AWS Auto Scaling · Cost Optimization Guide

AWS Auto Scaling Cost Optimization: Stop Paying for Idle Capacity

Most startups configure auto scaling once during launch and never revisit it. The result: EC2 fleets running at 10–20% CPU because scaling targets are set too conservatively. Here’s how target tracking, mixed instances, and scheduled scaling fix this.

Target 60–70% CPU, not 20–30%

Mixed instances: RI + Spot = ~35% savings

Scheduled scale-to-zero for dev/test

Karpenter: 30–60% node cost reduction on EKS

Why Wrong Scaling Configs Are So Expensive

Auto scaling configuration is set once and forgotten. But unlike a one-off over-provisioning mistake, a conservative scaling policy compounds - you pay for the excess capacity every hour, on every instance, indefinitely. Teams running at 30-40% utilization are paying for the cloud capacity they aren’t using.

Common mistake

Target CPU at 20–30%

Paying for 70–80% idle capacity on every instance

Target 60–70% CPU - AWS buffers headroom automatically

Common mistake

Static min/max with no dynamic policy

Fleet stays at max capacity around the clock regardless of traffic

Target tracking scales down during low-traffic windows

Common mistake

100% On-Demand in the ASG

No Spot discount applied even for stateless, fault-tolerant workloads

Mixed instances: RI baseline + Spot burst = up to 35% blended savings

Common mistake

Dev/test ASGs running 24/7

Non-prod environments consuming 100% of business-hours cost overnight

Scheduled scale-to-zero saves 65–70% on non-prod compute

Target Tracking: The Right CPU Targets

Target tracking is the correct default for most workloads - AWS adjusts capacity automatically to maintain your target metric, scaling in aggressively during low traffic. The critical question is what target to set.

Why teams set targets too low

Fear of spikes. A 30% CPU target feels safe because there’s 70% headroom. But AWS target tracking already builds in a buffer - it scales before you hit the target, using a scale-out alarm tuned to trigger before the target is breached. A 60% target doesn’t mean instances hit 60% before new ones launch.

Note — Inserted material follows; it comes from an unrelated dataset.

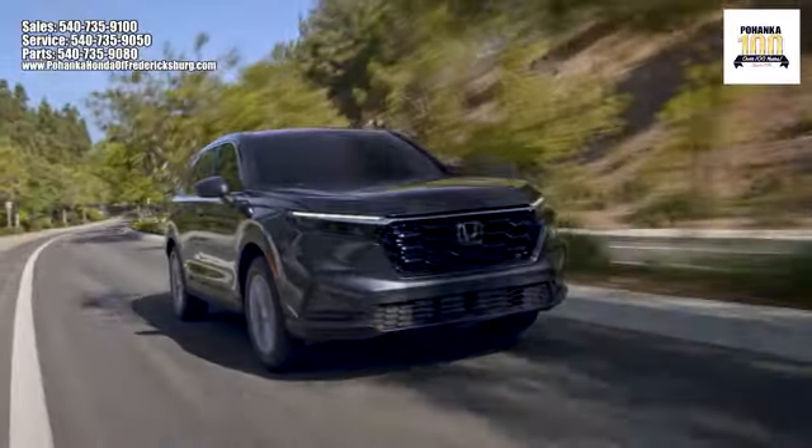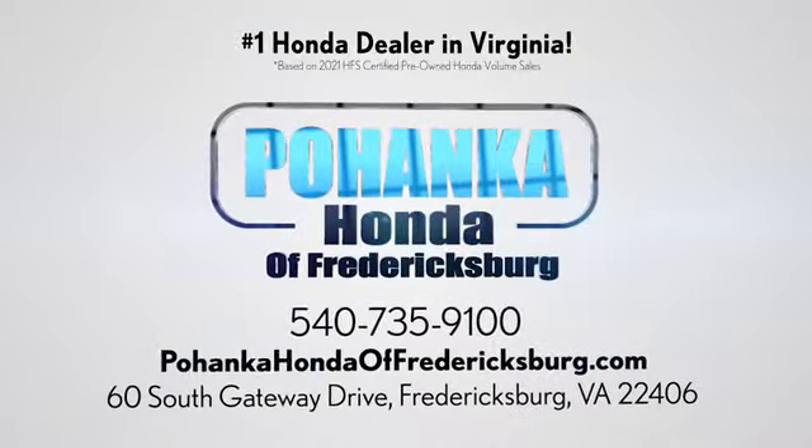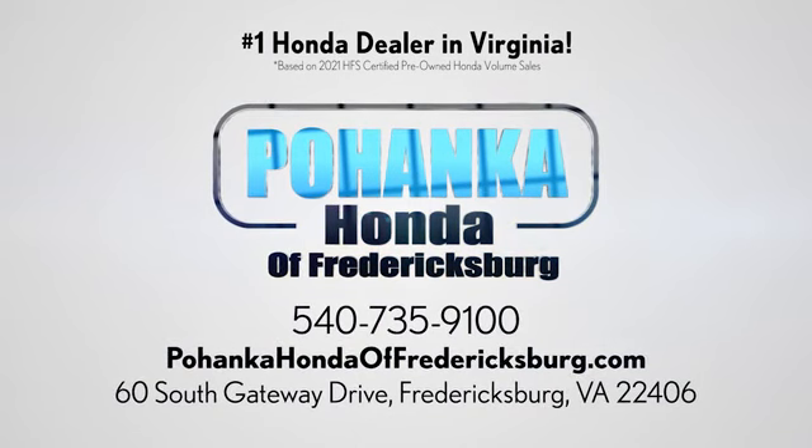Pohenka Honda of Fredericksburg is a great place to buy a car, conveniently located at 60 South Gateway Drive in Fredericksburg.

Strategy	CPU Target	Best for	Trade-off
Optimize for availability	40% CPU	Unpredictable, bursty traffic where latency spikes are costly	Highest cost - maximum headroom maintained
Balance availability and cost	50% CPU	Standard API or web workloads with moderate traffic variance	Good balance - AWS recommended default starting point
Optimize for cost	60–70% CPU	Stable, predictable workloads with gradual ramp-up patterns	Lowest cost - less headroom, requires tuning warmup times

Target tracking vs step scaling for cost

Step scaling requires manually defined CloudWatch alarms and fixed scaling increments. A misconfigured step scaling policy adds too many instances at once and then leaves them running through the full cooldown period. Target tracking is proportional - it scales to the smallest fleet that keeps the metric at target. AWS recommends target tracking over step scaling for CPU and request-count metrics.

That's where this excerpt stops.